Take the line containing "Baumwolle, Hemden Kurzarmhemd" and every line after it to the end of the records, and copy them exactly, leaving out pictures.

[Dataset records]
· · · · ·

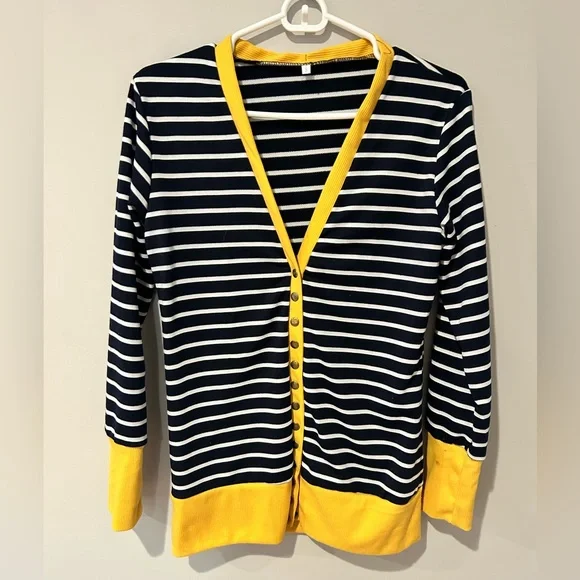 Amazon Sweaters Bluewhiteyellow Buttoned Cardigan Poshmark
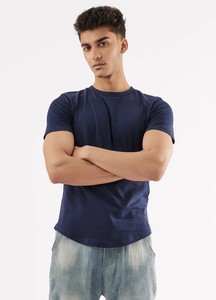 Camiseta Formal para Hombre, Color Azul Marino Sólido, Corte Curvo, con Tejido de Punto Lavado - Product Image 4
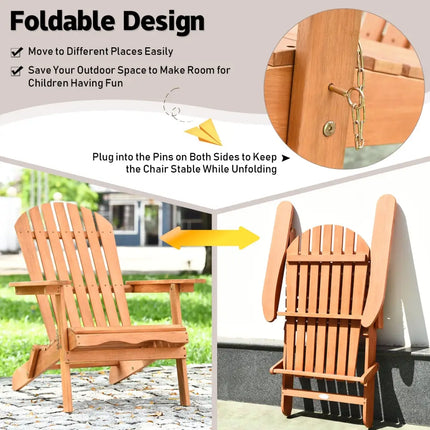 Eucalyptus Chair Foldable Outdoor Wood Lounger Chair - Natural - Adirondack Chairs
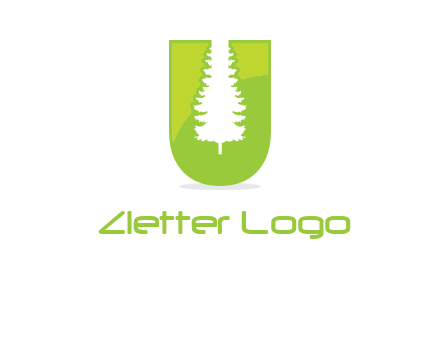 Tree in the letter u logo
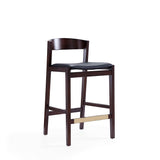 Klismos Counter Stool in Black and Dark Walnut CS007-BK Manhattan Comfort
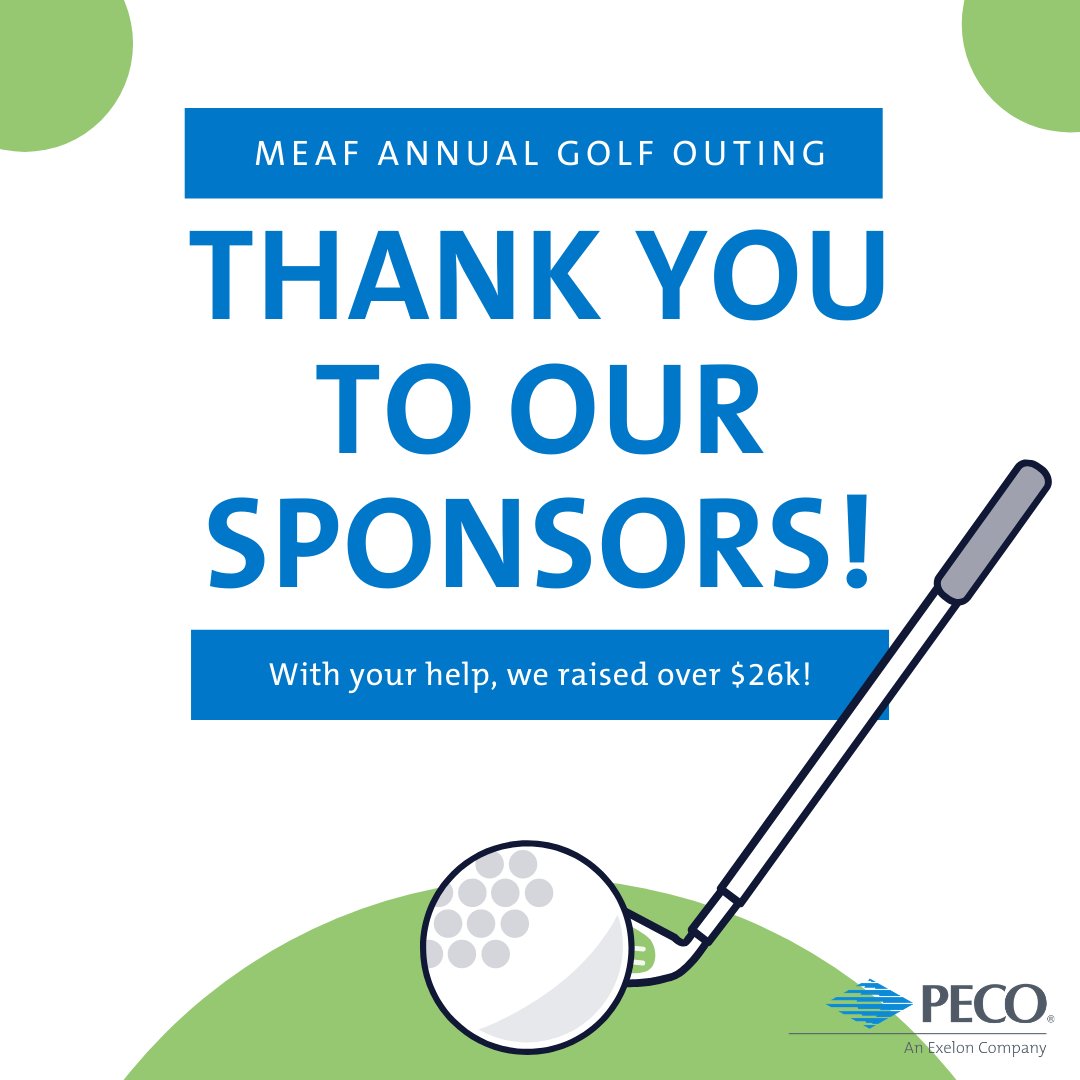 PECOconnect's tweet photo. THANK YOU to our sponsors for making this year's virtual MEAF Golf Outing a HUGE success! ⛳

With your help, we raised over $26k for the PECO MEAF program! Your support &amp; commitment will help families in need of energy assistance. https://t.co/ZDx82qGN0V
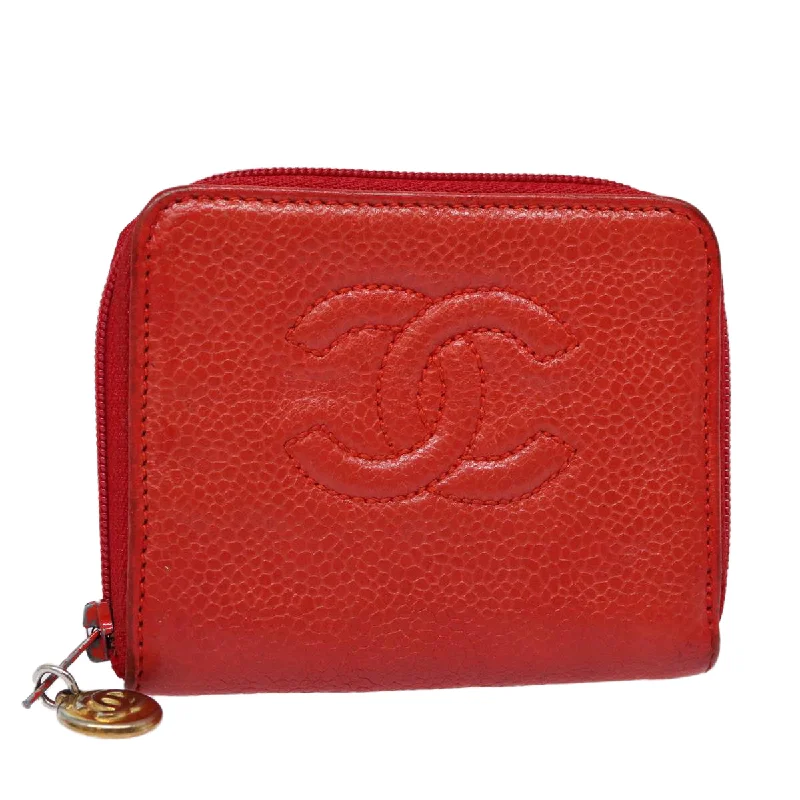 CHANEL COCO Mark Coin Purse Caviar Skin Gold Red CC  88633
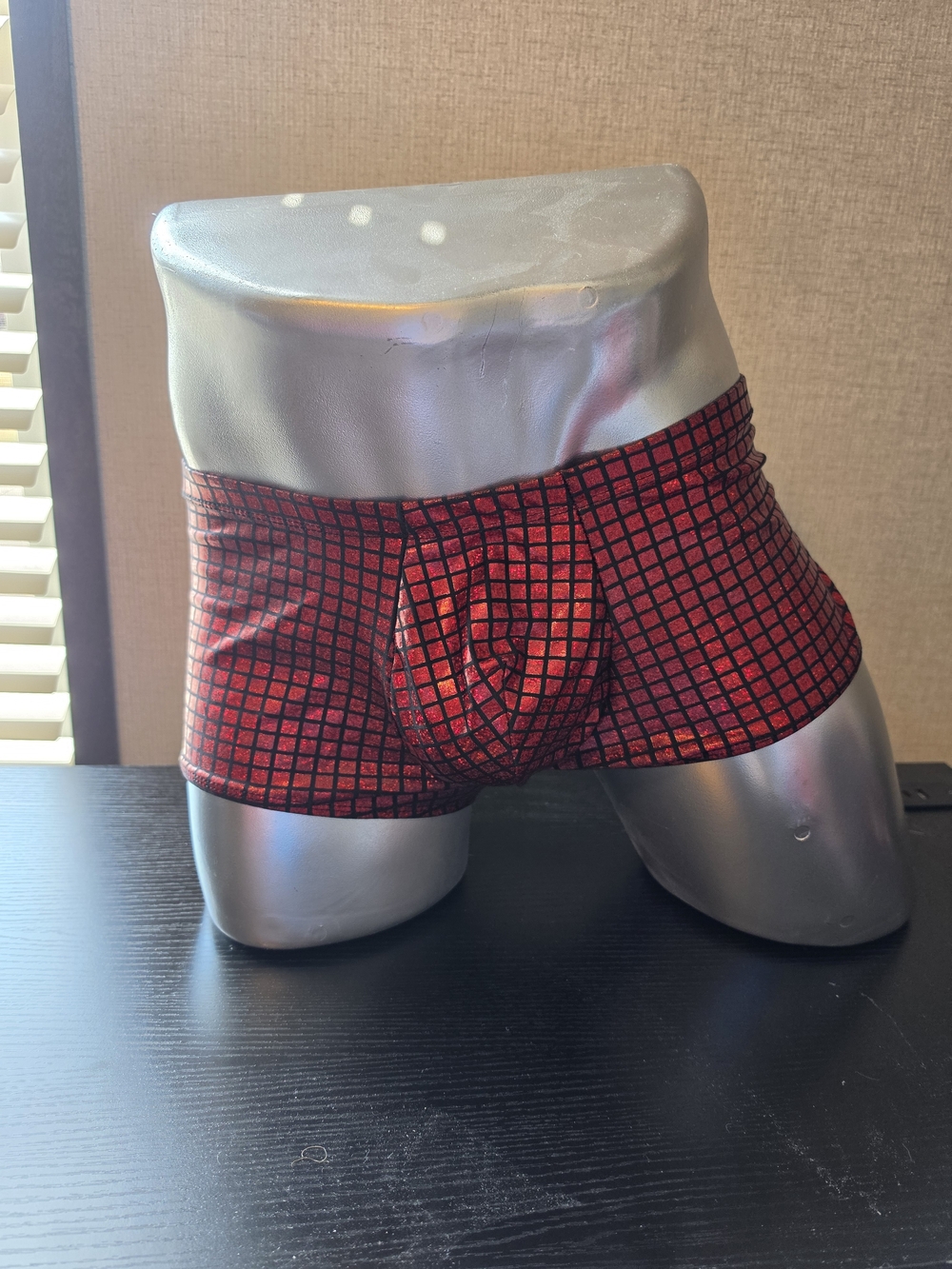 Men's Red Grid Boxer Briefs with Supportive Pouch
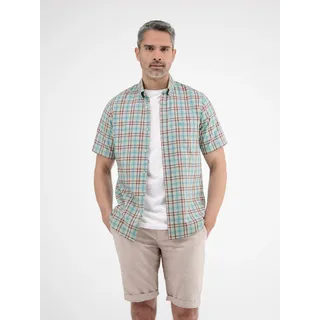 Kurzarmhemd LERROS "Kariertes Halbarmhemd für Herren", Herren, Gr. M, Normalgrößen, blau (coastal blau), 100% Baumwolle, Hemden Kurzarmhemd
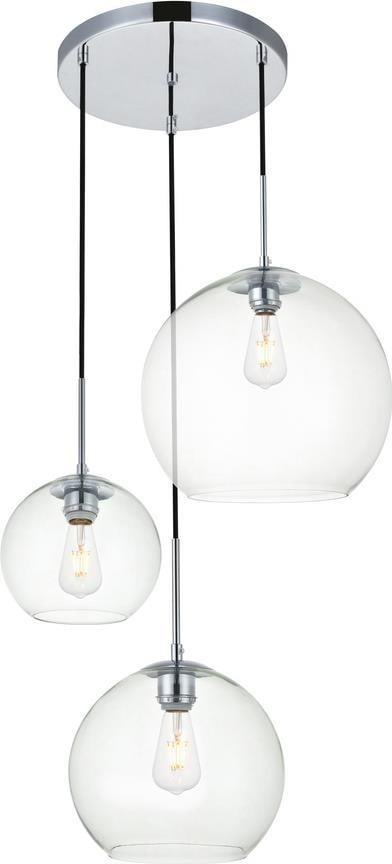 Elegant Baxter Chrome Pendant Light 3 Bulb Transitional Style (1 of 1)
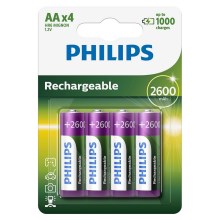 Philips R6B4B260/10 - 4 pc Pile rechargeable AA MULTILIFE NiMH/1,2V/2600 mAh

· · · · ·

• Answer section
 Kurzarmhemd LERROS "Kariertes Halbarmhemd für Herren", Herren, Gr. M, Normalgrößen, blau (coastal blau), 100% Baumwolle, Hemden Kurzarmhemd
 Elegant Baxter Chrome Pendant Light 3 Bulb Transitional Style (1 of 1)
 Philips R6B4B260/10 - 4 pc Pile rechargeable AA MULTILIFE NiMH/1,2V/2600 mAh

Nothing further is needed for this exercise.